I stood facing south. Across the street from the Shillington Movie Theatre stood a yellow brick building with square brick pillars, a second-story porch, and an odd double dormer on top, a kind of cupola; the first story’s left side once held Stephens’ Sweet Shop where I had smoked and posed and daydreamed for hours after school, and the right side had been the Shillington Post Office, where as a child I had solemnly traded pennies for war stamps, amid a cacophony of anti-Axis posters. Now the left half of this building was a florist’s shop, the right a firm mysteriously called Admixtures, Inc. The post office had moved to a building of its own, on Liberty Street next to Grace Lutheran Church; the Stephenses had moved away while I was in college. They had been kind to me and I, I felt when they were no longer there, not kind to them. I tried to be funny at their expense, calling Mrs. Stephens “Gert” when her nickname was “Boo” (for Beulah), and I once stole a candy bar from the counter, or at least watched another boy do it without crying “Thief!” Half the high school, it seemed, came there at twenty past three, when the last class let out; but then within an hour the teen-agers who lived in Shillington would have walked home and those who lived in Adamstown climbed into their cars and driven home, leaving me with Walt Stephens and the pinball machine.
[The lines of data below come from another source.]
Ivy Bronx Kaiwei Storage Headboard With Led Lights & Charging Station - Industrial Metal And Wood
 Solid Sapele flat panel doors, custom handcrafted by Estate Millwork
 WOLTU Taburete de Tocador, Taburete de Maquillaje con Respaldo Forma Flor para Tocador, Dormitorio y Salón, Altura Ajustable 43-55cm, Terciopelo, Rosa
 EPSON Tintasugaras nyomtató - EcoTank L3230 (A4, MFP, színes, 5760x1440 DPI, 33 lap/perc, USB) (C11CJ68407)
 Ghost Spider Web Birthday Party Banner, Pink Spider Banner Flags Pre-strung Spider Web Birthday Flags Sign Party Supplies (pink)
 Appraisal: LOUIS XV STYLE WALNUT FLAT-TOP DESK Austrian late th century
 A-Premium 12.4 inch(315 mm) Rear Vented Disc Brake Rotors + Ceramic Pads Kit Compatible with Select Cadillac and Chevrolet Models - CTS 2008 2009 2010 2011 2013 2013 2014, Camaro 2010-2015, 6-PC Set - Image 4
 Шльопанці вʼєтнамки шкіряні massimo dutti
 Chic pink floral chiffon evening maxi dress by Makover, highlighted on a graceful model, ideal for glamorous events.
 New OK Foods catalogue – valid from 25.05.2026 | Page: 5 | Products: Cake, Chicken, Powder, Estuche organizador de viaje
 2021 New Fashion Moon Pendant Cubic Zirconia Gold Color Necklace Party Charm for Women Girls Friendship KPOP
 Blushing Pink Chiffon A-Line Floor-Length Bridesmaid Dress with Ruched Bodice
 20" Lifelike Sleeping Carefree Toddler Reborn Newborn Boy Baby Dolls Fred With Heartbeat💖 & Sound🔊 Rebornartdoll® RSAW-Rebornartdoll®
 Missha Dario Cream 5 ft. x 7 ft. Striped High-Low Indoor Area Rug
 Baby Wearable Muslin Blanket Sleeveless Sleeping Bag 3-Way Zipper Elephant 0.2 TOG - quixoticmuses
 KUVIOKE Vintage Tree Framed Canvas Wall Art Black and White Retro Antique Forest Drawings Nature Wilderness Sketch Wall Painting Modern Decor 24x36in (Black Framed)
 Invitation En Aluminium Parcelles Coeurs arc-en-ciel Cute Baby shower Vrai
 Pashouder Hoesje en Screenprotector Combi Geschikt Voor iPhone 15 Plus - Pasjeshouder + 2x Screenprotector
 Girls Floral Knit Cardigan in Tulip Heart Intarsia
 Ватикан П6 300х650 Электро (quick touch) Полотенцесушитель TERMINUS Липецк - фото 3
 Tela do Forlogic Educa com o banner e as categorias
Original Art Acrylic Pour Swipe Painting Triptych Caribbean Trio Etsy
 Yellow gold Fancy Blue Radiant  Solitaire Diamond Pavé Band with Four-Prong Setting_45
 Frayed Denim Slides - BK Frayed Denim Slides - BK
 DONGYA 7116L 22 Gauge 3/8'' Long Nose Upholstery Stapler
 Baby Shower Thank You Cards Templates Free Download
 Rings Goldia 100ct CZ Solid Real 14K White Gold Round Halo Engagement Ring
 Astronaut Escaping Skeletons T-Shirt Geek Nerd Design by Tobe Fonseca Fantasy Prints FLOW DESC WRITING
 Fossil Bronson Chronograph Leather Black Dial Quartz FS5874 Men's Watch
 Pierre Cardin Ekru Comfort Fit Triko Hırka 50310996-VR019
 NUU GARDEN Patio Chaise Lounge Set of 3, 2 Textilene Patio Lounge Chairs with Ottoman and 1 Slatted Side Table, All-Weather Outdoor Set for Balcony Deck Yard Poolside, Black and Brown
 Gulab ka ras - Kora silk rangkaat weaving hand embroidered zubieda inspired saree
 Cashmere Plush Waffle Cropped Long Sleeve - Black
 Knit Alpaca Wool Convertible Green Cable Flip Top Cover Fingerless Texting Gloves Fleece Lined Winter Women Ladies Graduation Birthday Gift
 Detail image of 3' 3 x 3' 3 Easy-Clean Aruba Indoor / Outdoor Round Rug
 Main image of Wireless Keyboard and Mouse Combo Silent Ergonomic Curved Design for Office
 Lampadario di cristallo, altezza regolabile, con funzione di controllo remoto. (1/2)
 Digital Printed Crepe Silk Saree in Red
I waited hours, sometimes, for my father, who taught at the high school and never went back to the farm before he had to. He was the only adult except Walt and Boo I ever noticed in Stephens’, and he came in only to take me away, and he never penetrated past the region of the soda fountain, into the booth area, where the cigarette smoke and adolescent intrigue were thickest. Walt was totally bald and had a way of doing hot dogs—cutting them the long way and putting the butterfly shape flat-side down on the griddle and then serving it in a hamburger roll with the ends sticking out—that was peculiar to him and delicious. But then to teen-age hunger many things are delicious. Cigarettes, for example, were delicious: the sleek cellophane-wrapped rectitude of the pack, the suave tapping out of a single “weed,” the chalky, rasping initial inhale, the little crumbs to be picked from the lower lip without breaking conversational stride, the airy pluming gesturingness of it all. Time itself—the time spent idling in Stephens’, the time spent anywhere in Shillington—was delicious.